Thanks for the reply. I will be ordering it this week. Watching the video it looks like great way to go.


----------



## Dr.Zook (Sep 10, 2004)

Welcome to the RouterForums Bob. Glad to have you as a part of our community. Thanks for joining.


----------



## Micah (Oct 11, 2010)

*Incra LS require a large router table?*



Abie said:


> I have the Ulta from Incra bot on amazon for $130.00 it is useful but the learning curve is steep at least for me.
> I've seen the Jointech at a friends and it appears more substantial.
> Both allow for really fancy dovetails, box joints etc.
> for large projects ie drawers and blanket chests the others might be a better choice.

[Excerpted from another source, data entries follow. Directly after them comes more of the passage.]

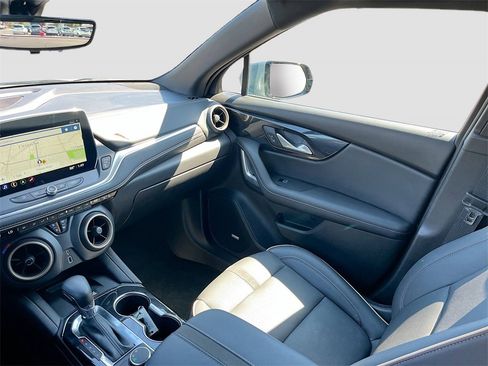 Used 2024 Chevrolet Blazer Premier w/ Driver Confidence II Package image 24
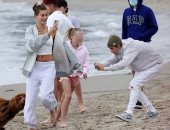 جاستين بيبر وهايلى بالدوين مع صديقهما القس كارل لينز على الشاطئ .. صور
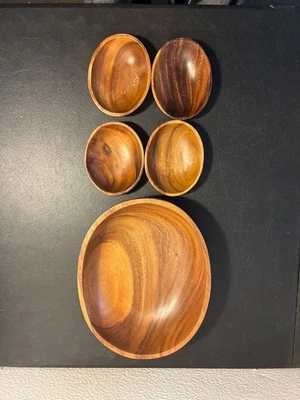 Винтажный набор деревянных сервировочных чаш из 5 предметов акация дерево середина века MCM - Изображение 1 из 4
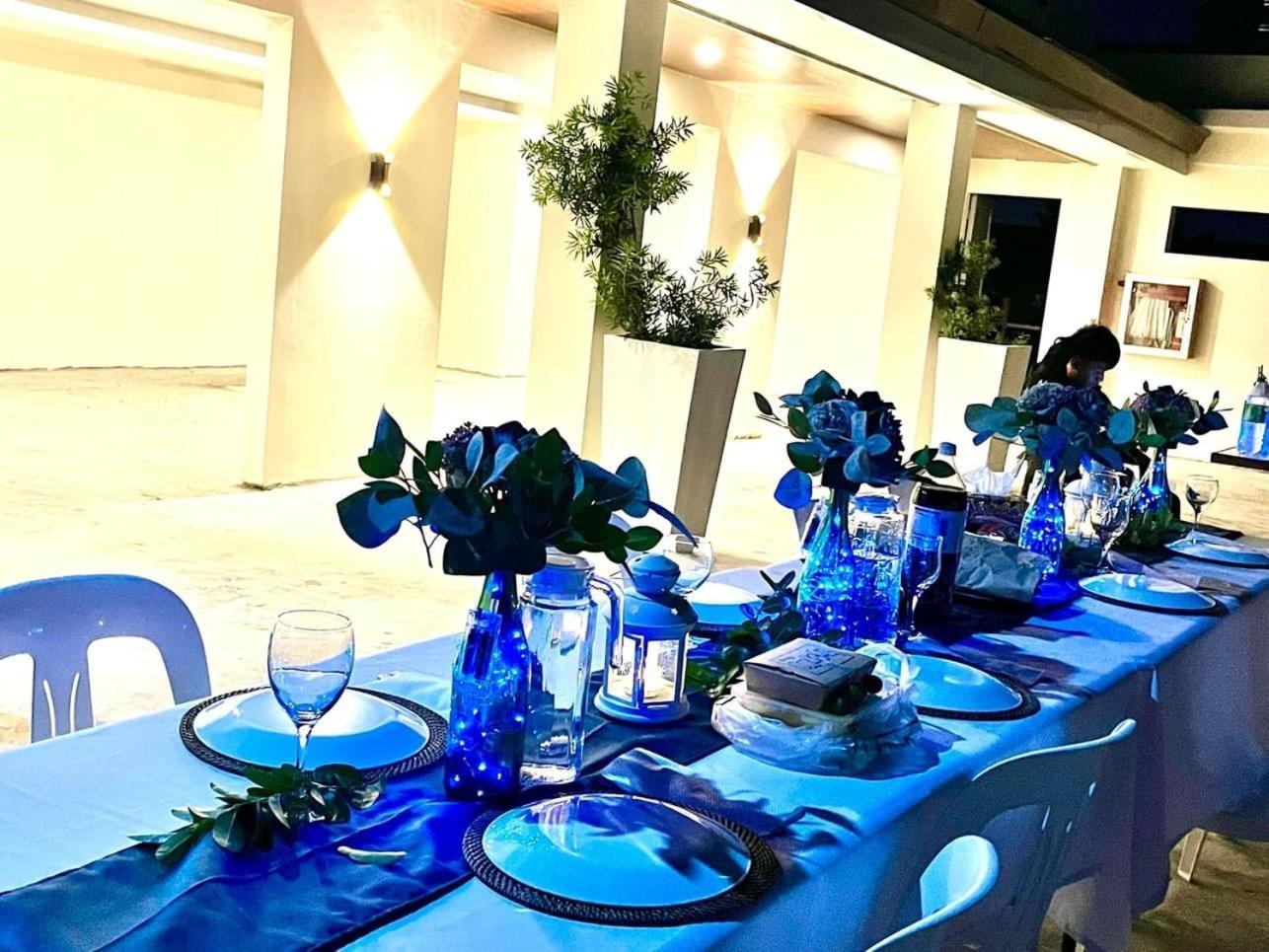 717 Residences Iloilo Esterno foto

Can I use the Incra LS on my 24v32 rockler table?


----------



## bobj3 (Jan 17, 2006)

Hi Micah

You may want to take hard look at the

Incra Universal Precision Positioning Jig, it will do every thing it's big gold plated brother can do but without the high cost and size..Rockler puts them on sale for about 50.oo bucks all the time..if you get one be sure to the great DVD How-To for it..

Incra Universal Precision Positioning Jig - Rockler Woodworking Tools

Incra Universal Precision Positioning Jig Video Demonstraton

========


Micah said:


> Can I use the Incra LS on my 24v32 rockler table?



======


----------